Computer vision is an interdisciplinary scientific and computer science field that uses everything from simple annotation tools to artificial intelligence (AI), machine learning (ML), neural networks, deep learning, and active learning platforms to produce a high-level and detailed understanding, analysis, interpretation, and pattern recognition within images and videos.
In other words, it’s a powerful and effective way to use computing power, software, and algorithms to make sense of images and videos. Computer vision helps us understand the content and context of images and videos across various sectors, use cases, and practical applications, such as healthcare, sports, manufacturing, security, and numerous others.
Now let’s dive into our glossary of 39 of the most important computer vision terms and definitions that impact video annotation and labeling projects.

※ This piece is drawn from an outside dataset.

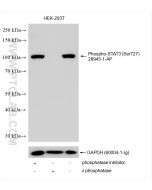 Phospho-STAT3 (Ser727) Polyclonal antibody proteintech 28945-1-AP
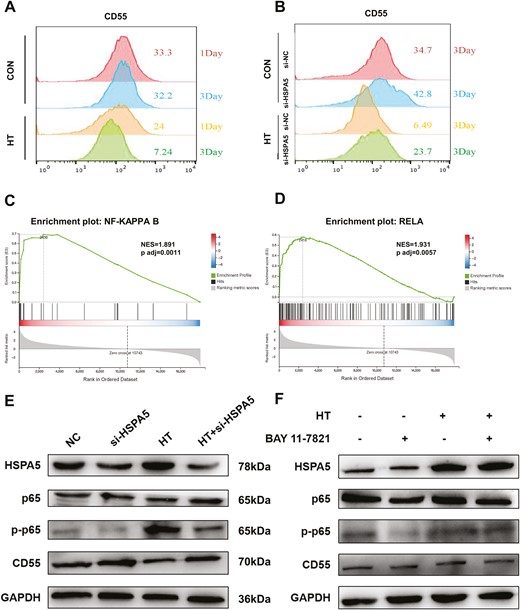 Hyperthermia downregulates CD55 expression via HSPA5/p65 signaling to activate complement cascade. (A) HONE1 cells were cultured at 37°C or 43°C HT for 1 day or 3 days. The surface expression of CD55 was analyzed by flow cytometry in HONE1 cells. (B) SUNE1 cells transfected with si-NC or si-HSPA5 were cultured at 37°C or 43°C HT for 1 day or 3 days. The surface expression of CD55 was analyzed by flow cytometry in HONE1 cells. (C, D) GSEA was performed using RNA-seq data of HONE1 cells treated with or without HT to identify the gene set enrichment. (E) HONE1 cells were cultured at 37°C or 43°C HT for 1 day, with or without HSPA5 knockdown. The protein expression of HSPA5, p65, phosphorylation of p65 (p-p65), CD55, and GAPDH was analyzed by western blot. (F) HONE1 cells were cultured at 37°C or 43°C HT for 1 day, with or without p65 inhibitor BAY-11-7821 treatment. The protein expression of HSPA5, p65, phosphorylation of p65 (p-p65), CD55, and GAPDH was analyzed by western blot.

39 Computer Vision Terms and Definitions You Need To Know
Computer vision models rely on accurate manual annotations during the training stage of a project. Whether AI (artificial intelligence) or machine learning-based (ML), computer vision models learn and interpret using the labels applied at the manual annotation stage.
Encord helps you label your data 6x faster, create active learning pipelines and accelerate your model development. Try it free for 14 days
Humans can see, interpret, and understand with our eyes and mind. Teaching computers to do the same is more complex, but generates better, more accurate results faster, especially when computer vision is combined with machine learning or AI.
Computer vision is a subset of artificial intelligence (AI), that produces meaningful outputs from images, videos, and other visual datasets. CV models need to be trained. With the right tools and algorithms, computer vision models make it possible for AI, ML, and other neural networks to see, interpret, and understand visual data, according to IBM.
COCO is a benchmarking dataset for computer vision models, the acronym for Common Objects in Context (COCO).
“COCO is a large-scale object detection, segmentation, and captioning dataset”, an open-source AI-based architecture supported by Microsoft, Facebook (Meta), and numerous AI companies.
Researchers and annotators use the COCO dataset for object detection and recognition against a broader context of background scenes, with 2.5 million labeled instances in 328,000 images. It’s ideal for recognition, context, understanding the gradient of an image, image segmentation, and detecting keypoints in human movement in videos.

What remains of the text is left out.